Les chercheuses et chercheurs ont utilisé des techniques d’imagerie de pointe, en particulier un instrument d’analyse appelé NanoSIMS (Nanoscale Secondary Ion Mass Spectrometry). Le NanoSIMS est une «microsonde ionique» qui combine une spectrométrie de masse à haute résolution (50-150 nm) avec une grande sensibilité analytique, ce qui lui permet de produire des cartes de l’activité métabolique à une échelle subcellulaire. Le laboratoire d’Anders Meibom de l’EPFL a notamment utilisé le NanoSIMS pour de nombreuses études dans les domaines de l’écologie et de la géochimie.

Dans cette étude, les chercheuses et chercheurs ont combiné le NanoSIMS avec un marquage par isotopes stables. En visualisant les variations isotopiques à l’intérieur des tissus à haute résolution, cette technologie permet de détecter des changements de l’activité métabolique survenant dans des compartiments cellulaires spécifiques ou au sein d’organites telles que les mitochondries. Afin de « voir » à l’intérieur des neurones, la microscopie électronique a permis d’obtenir des images à haute résolution, qui ont été superposées avec les cartes générées avec le NanoSIMS.

Une image EM avec la carte 13C correspondante de NanoSIMS. Crédit : Spataro et al 2023.

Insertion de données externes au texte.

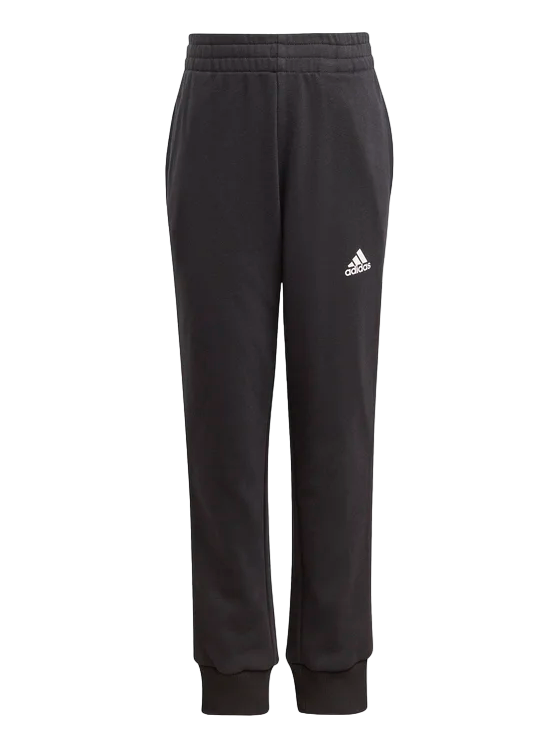 Tuta adidas 2025 bambino saldi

Une image EM avec la carte 13C correspondante de NanoSIMS. Crédit : Spataro et al 2023

Pour modéliser la maladie de Parkinson, l’équipe a utilisé des rats génétiquement modifiés pour surexprimer l’alpha-synucléine humaine dans un hémisphère du cerveau, l’autre hémisphère sain servant de tissu témoin. En comparant les neurones surexprimant l’alpha-synucléine avec des neurones sains, les scientifiques ont découvert des changements importants dans la manière dont les molécules de carbone sont incorporées et traitées dans les neurones.

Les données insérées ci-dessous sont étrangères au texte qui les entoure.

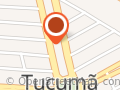 Hotel Tocantins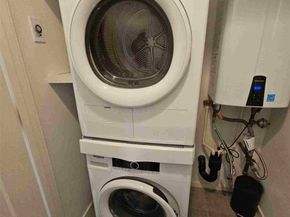 817 24th Avenue S B, Seattle WA 98144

L’une des découvertes les plus remarquables a été l’effet de l’alpha-synucléine sur le renouvellement du carbone dans les neurones. Les neurones surexprimant l’alpha-synucléine ont un renouvellement accéléré du carbone incorporé dans leurs macromolécules, ce qui montre que l’accumulation d’alpha-synucléine peut entraîner une augmentation des besoins métaboliques de ces cellules.

L’étude a également révélé des changements dans la répartition du carbone entre les différents compartiments cellulaires, tels que le cytoplasme et le noyau, qui pourrait être influencés par l’interaction de l’alpha-synucléine avec l’ADN et les histones.

Les perturbations métaboliques semblent spécifiquement toucher certaines organites: les mitochondries, par exemple, présentent des schémas anormaux d’incorporation et de renouvellement du carbone, ce qui concorde avec des études antérieures montrant que l’alpha-synucléine perturbe la fonction mitochondriale. De même, des défauts métaboliques sont apparus dans l’appareil de Golgi, responsable du trafic et de la communication cellulaires, potentiellement dus à des perturbations du trafic vésiculaire causées par l’alpha-synucléine.

«Cette étude montre le potentiel de la technologie NanoSIMS pour révéler les changements métaboliques dans le cerveau, avec une résolution sans précédent, au niveau subcellulaire », déclare Bernard Schneider. « Elle nous offre un outil pour étudier les changements pathologiques précoces qui se produisent dans les neurones à la suite de l’accumulation d’alpha-synucléine, un mécanisme directement lié à la maladie de Parkinson.»